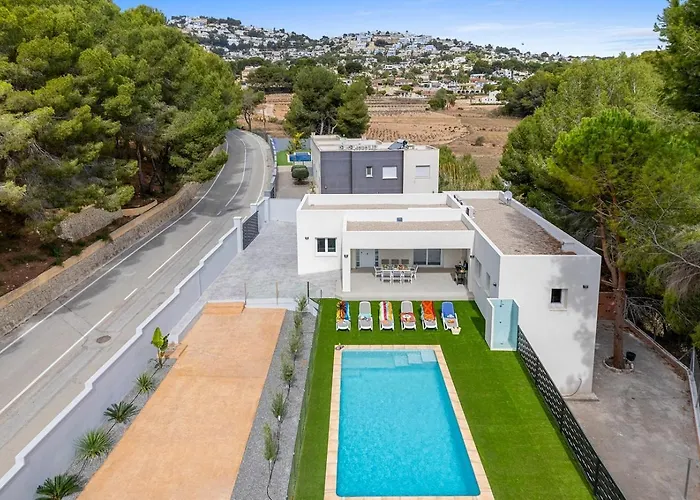 Villa Aiko - Plusholidays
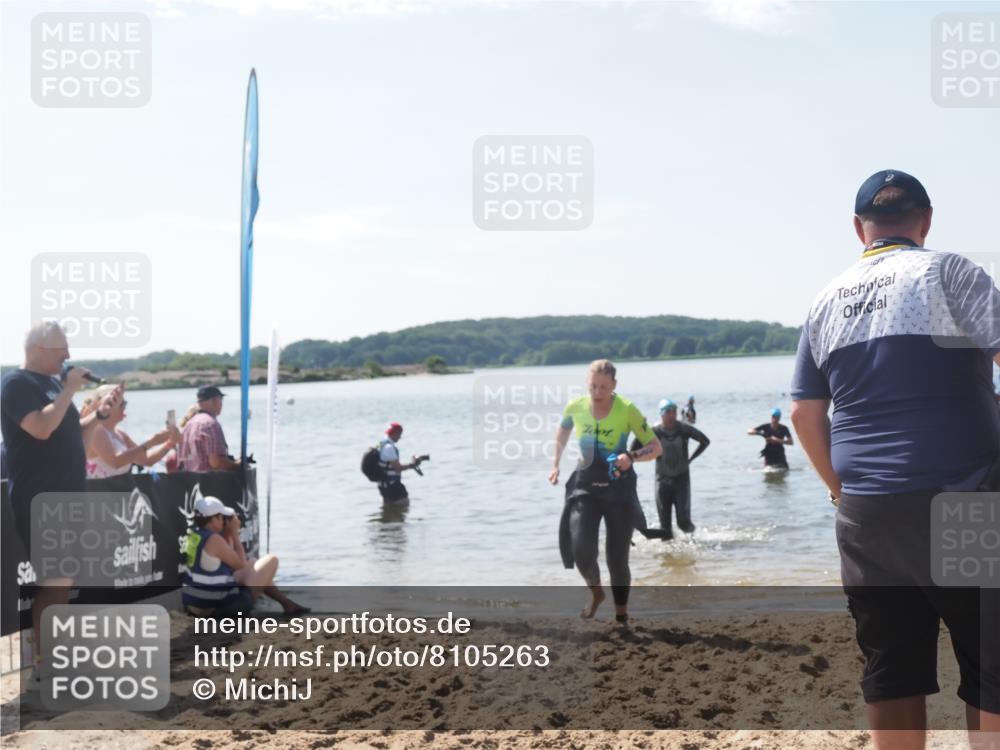 22.06.2025 - Viking Triathlon MichiJ http://msf.ph/oto/8105263 22.06.2025 10:49:39 Schwimmen 263, 321, 453 meine-sportfotos.de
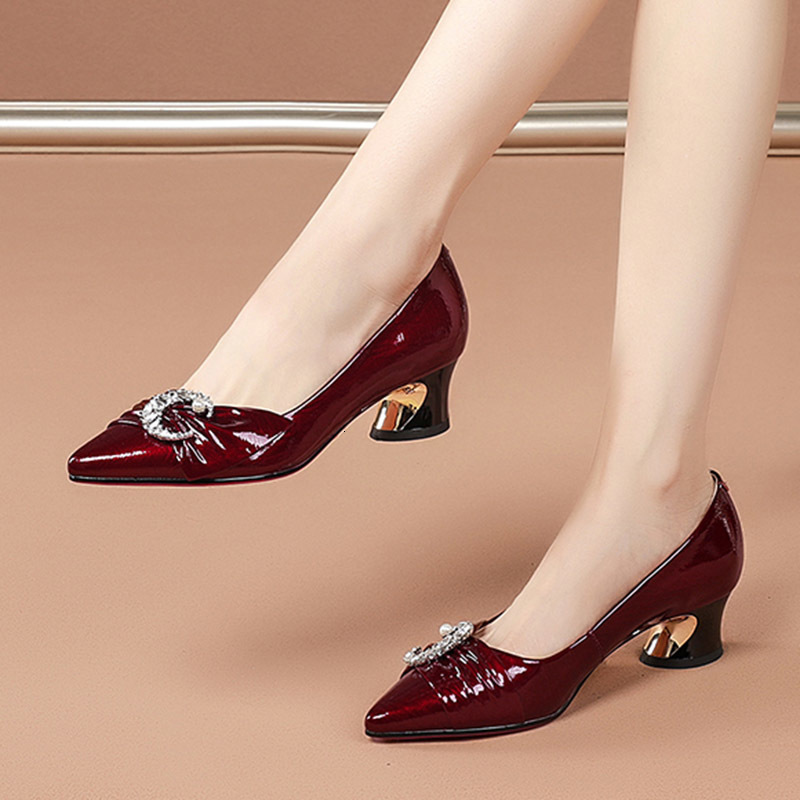 

Dress Shoes Plus Size 35 42 Women Pumps Pearls Patent Leather Boat Med Heels Moon Crystal Pointed Toe Ladies 230414, Black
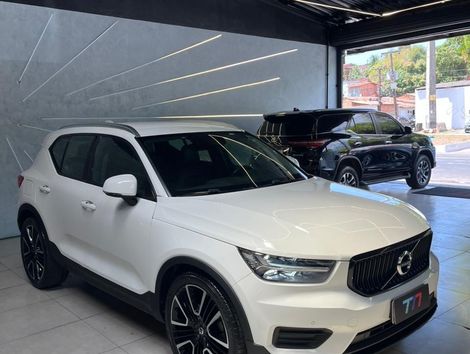 Volvo XC 40 T-5 MOMENTUM 2.0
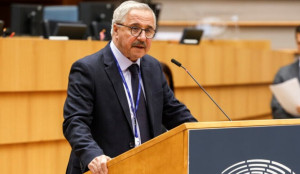 Μανιάτης: Παρέμβαση στην Κάγια Κάλας για την προστασία των Χριστιανών στην Ιορδανία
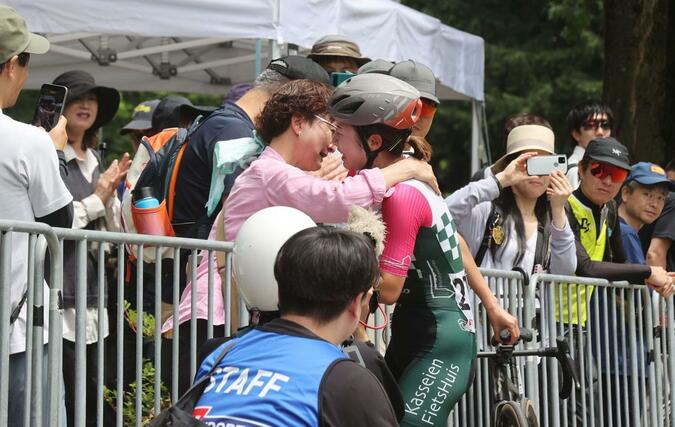 女子エリート・Ｕ２３を制した小林あか里（Ｋａｓｓｅｉｅｎ　Ｆｉｅｔｓ　Ｈｕｉｓ　Ｃｙｃｌｉｎｇ　Ｔｅａｍ）＝南魚沼市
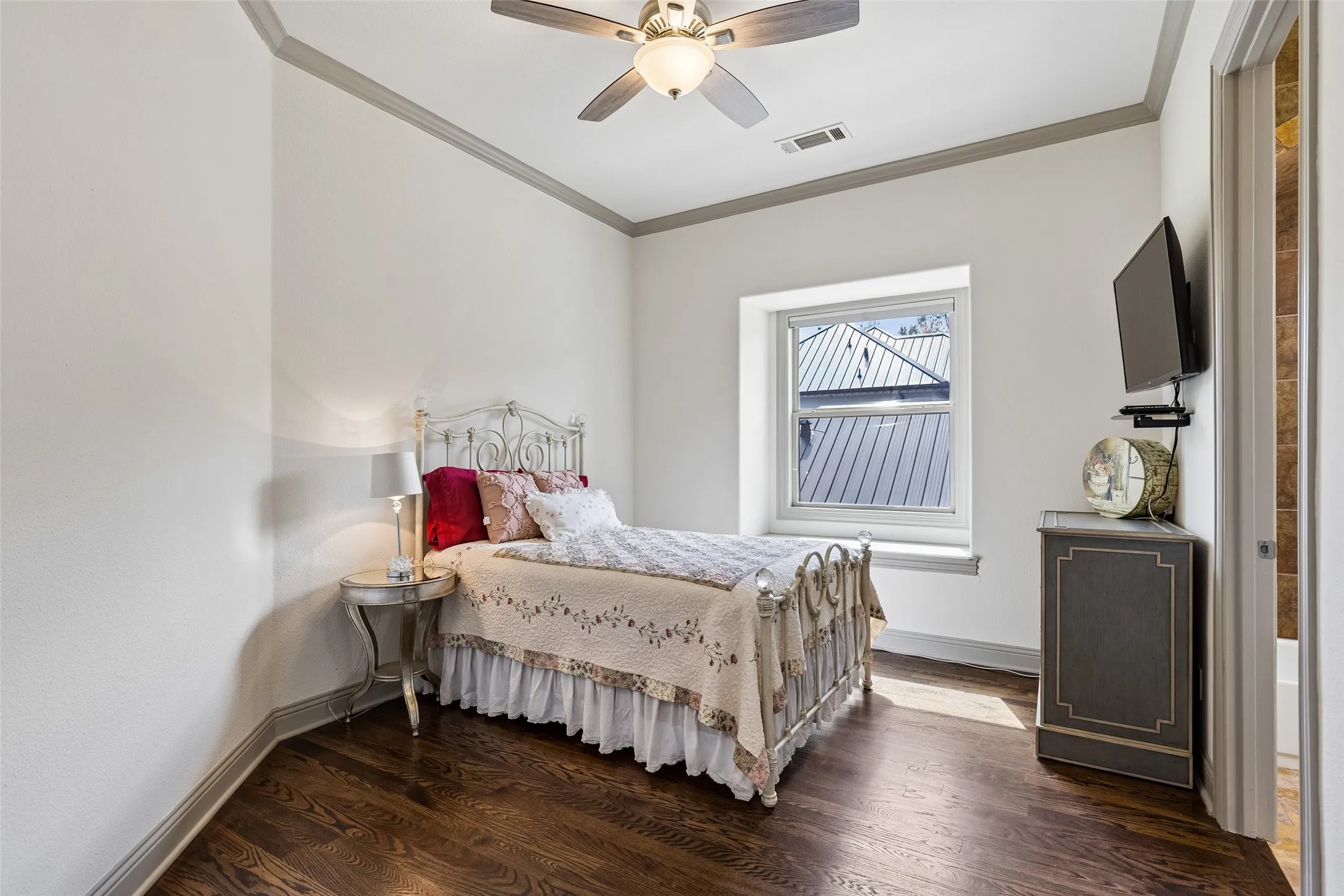 Single Family Residence For Sale in Tarrant County , 1714 Maranatha Way, Southlake, Texas 76092, 5 Bedroom, 7 Bathroom, 4 Garage spaces, 7,008 Sqft, built in 2007, mls#21385634, Real Estate Agent in Southlake, Homes For Sale in Tarrant county, Homes For Sale in Southlake, Realtor in Southlake Texas, Real Estate Brokerage Independent Realty Texas, Luminita Cordes Realtor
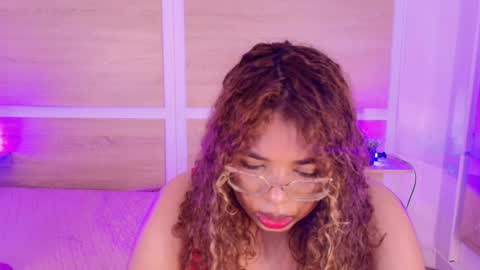 Snapshot of niickypurple chatting on May 30, 2:58 pm Call me Nicky online show from May 30, 2:58 pm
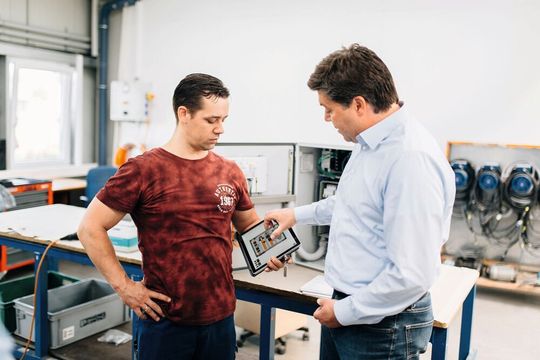 Schritt für Schritt zu Industrie 4.0: Mitarbeiter Kai Watts testet gemeinsam mit Geschäftsführer Heinz-Dieter Finke derzeit Tablets in der Fertigung der Schaltanlagenbau Westermann. Ein komplett digitales Abbild und eine intuitive Fertigungs-Anleitung erleichtern die Arbeit. Schritt für Schritt zu Industrie 4.0: Mitarbeiter Kai Watts testet gemeinsam mit Geschäftsführer Heinz-Dieter Finke derzeit Tablets in der Fertigung der Schaltanlagenbau Westermann. Ein komplett digitales Abbild und eine intuitive Fertigungs-Anleitung erleichtern die Arbeit.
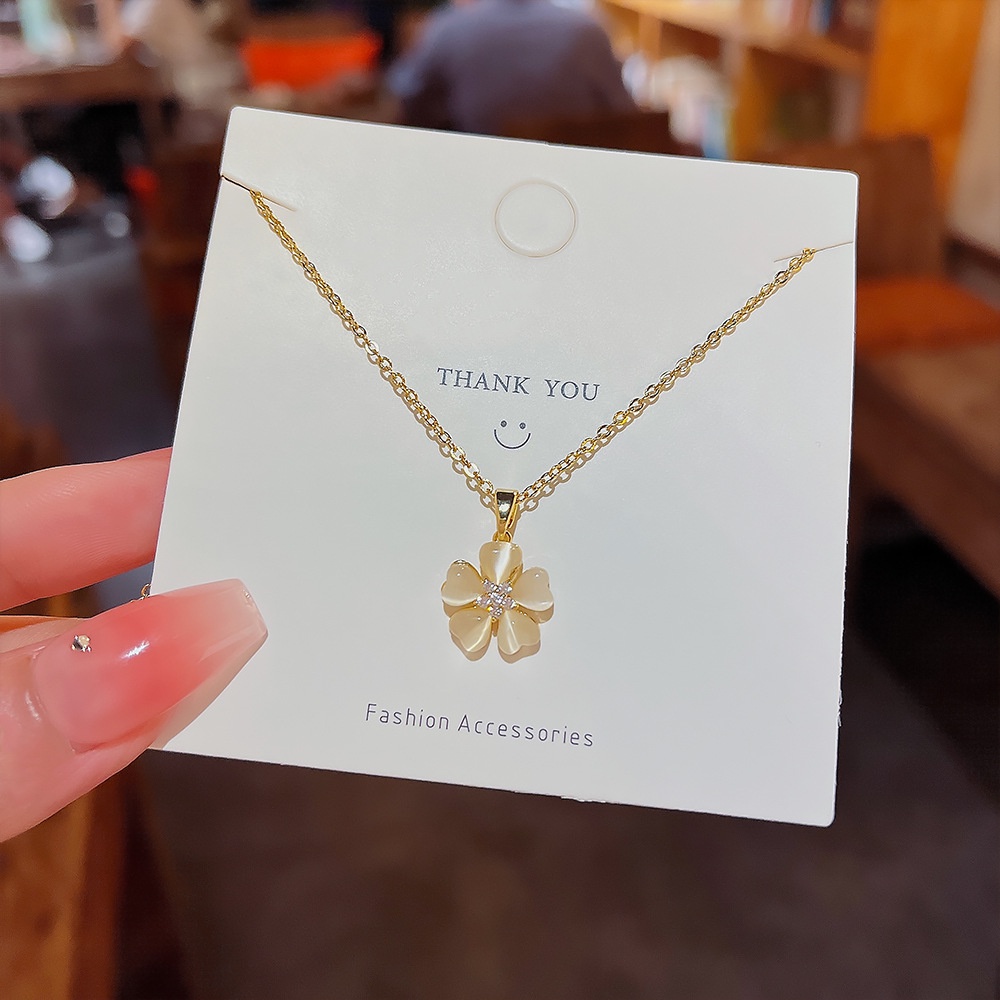 Fashion Opal Kelopak Clover Pendant Titanium Steel Kalung Emas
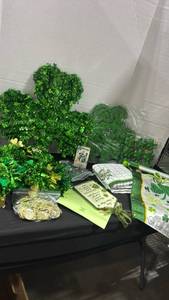 lot 1305 image: St Patricks day decor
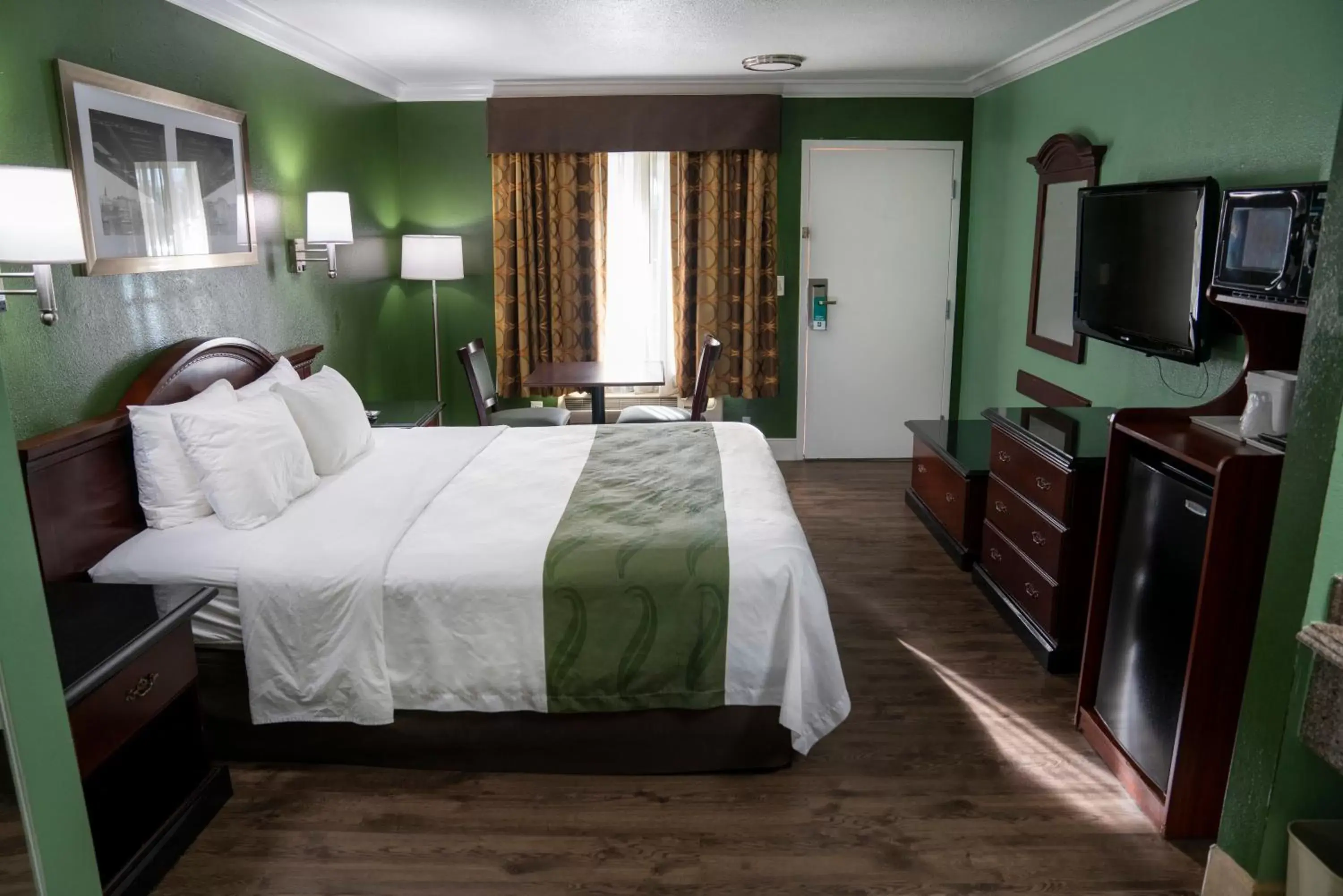 Deluxe Room, 1 King Bed with Hot Tub, Non Smoking in Quality Inn Hemet - San Jacinto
*-*-*
Repeat exactly the lines from the one containing "Fashion Opal Kelopak" through the last line of the records above, both included, and leave out the pictures.

 Fashion Opal Kelopak Clover Pendant Titanium Steel Kalung Emas
 lot 1305 image: St Patricks day decor
 Deluxe Room, 1 King Bed with Hot Tub, Non Smoking in Quality Inn Hemet - San Jacinto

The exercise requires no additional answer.